The objective of this research was to develop the Meta-Algorithmic Model (MAM) shown as a recipe for using these textual resources to identify business goals explicitly stated in communications between the members of the organizations, to facilitate the business understanding phase of CRISP-DM [16,17]. Thus, the scientific contribution of this research is threefold. First, we present the NLP-Automated Method for Business Understanding (NAMBU) as a reusable meta-algorithmic model for other researchers. Second, we extract business goal phrases automatically from free texts, such as emails, by employing a novel combination of goal-driven information extraction and rule-based NLP techniques. Third, we describe its empirical results using a real-world email dataset processed by a working software prototype implementation.

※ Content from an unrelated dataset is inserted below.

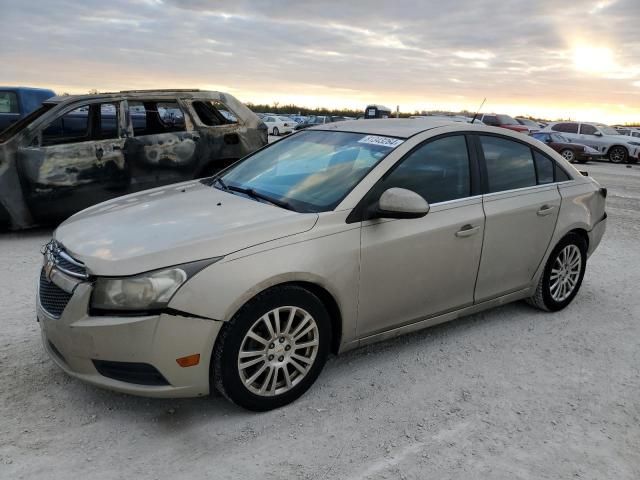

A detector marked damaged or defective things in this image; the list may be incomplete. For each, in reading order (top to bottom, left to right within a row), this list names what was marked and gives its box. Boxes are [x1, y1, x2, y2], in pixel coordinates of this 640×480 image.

burned minivan [0, 91, 266, 231]
burned car wreck [0, 91, 266, 231]
charred car body [0, 91, 266, 231]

The remainder of this paper is structured as follows. Section 2 of this research introduces the developed NAMBU method, and explains its main constituents. Section 3 presents the results and performance measures of their evaluation. Section 4 discusses the limitations of the research, and proposes possible areas for further improvements. Section 5 sums up the conclusions and contributions of this work.

2. Methods

The NAMBU business goal extraction method was developed by further building upon previous approaches to automatic goal identification found in scientific literature. The supporting artefact was developed in the Java programming language, with the use of Stanford CoreNLP Natural Language Processing Toolkit, which is an annotation pipeline framework, providing most of the common core natural language processing steps [18]. To develop the tool, a sample set of textual corporate data was needed. Due to privacy concerns and legal restrictions, sets like that are quite hard to obtain. For this reason, the so-called Enron Corpus was used [19]. Enron Corporation was an American energy company, based in Houston, which bankrupted on 2 December 2001 in the wake of its massive accounting fraud scandal. The dataset of 619,446 e-mails sent and received by 158 Enron employees was collected in 2002 during the investigation into the company’s collapse, as commissioned by the Federal Energy Regulatory Commission. It was later purchased and released to researchers, being the first publicly available mass collection of corporate e-mails. The process of business goal extraction along our method is divided into five steps: Extract sentences, Parse syntax, Identify goals, Extract (and format) goals, and finally, Filter results. These steps are explained in the following subsections of this document and presented as a Process-Deliverable Diagram (PDD) in Figure 2, a UML-derived modeling technique which integrates UML Activity and UML Concept diagram representations [20].

2.1. Extract Sentences

To minimize the computational load on the natural language processing tasks, especially when it comes to such an abundant resource as the corporate e-mail repository, only the sentences containing goal-related keywords, thus suspected to contain business goals, are subjected to NLP analysis. As suggested by [21,22,23], a list of goal-related keywords was compiled using their contributions, and further expanded to account for various forms of the keywords (e.g., improve–improves, improving, etc.). The basic, stemmed forms of our keywords are presented in

Table 1. Goal-related keywords.

$\mathit{Verb}$$\mathit{Keywords}$	$\mathit{Noun}$$\mathit{Keywords}$
make, improve, increase, promote,	objective, aim, purpose, goal
develop, formulate, prepare, reduce,
maintain, administer, guarantee, offer,
prolong, endorse, manage, obtain,
avoid, block, prevent, achieve,
require, lack, ensure, motivate,
decrease, reduce, enhance, enable,
support, provide, aim

.

The sentence extraction component uses regular expressions to identify the sentences, which are suspected to contain business goals, by extracting them in full, when they contain the stem of the keyword. The regular expression is composed of:

• A negated set, repeating 0 or more times, which does not include a full stop, an exclamation point, and a question mark. Essentially, it extracts anything, which is in between these signs and the stem of the keyword;
• A disjunction of all the stems of the previously identified goal-related keywords (e.g., “promot”, instead of “promote”, to match not only with “promote” or “promotes”, but also with “promoting”);
• Another set of 0 or more signs, which do not signify the end of the sentence;
• An expression matching one of: a full stop, an exclamation point, or a question mark, which means that the sentence is suspected to end there;
• An optional expression matching up to one letter, followed by another full stop. This expression can repeat up to two times, to account for the use of acronyms.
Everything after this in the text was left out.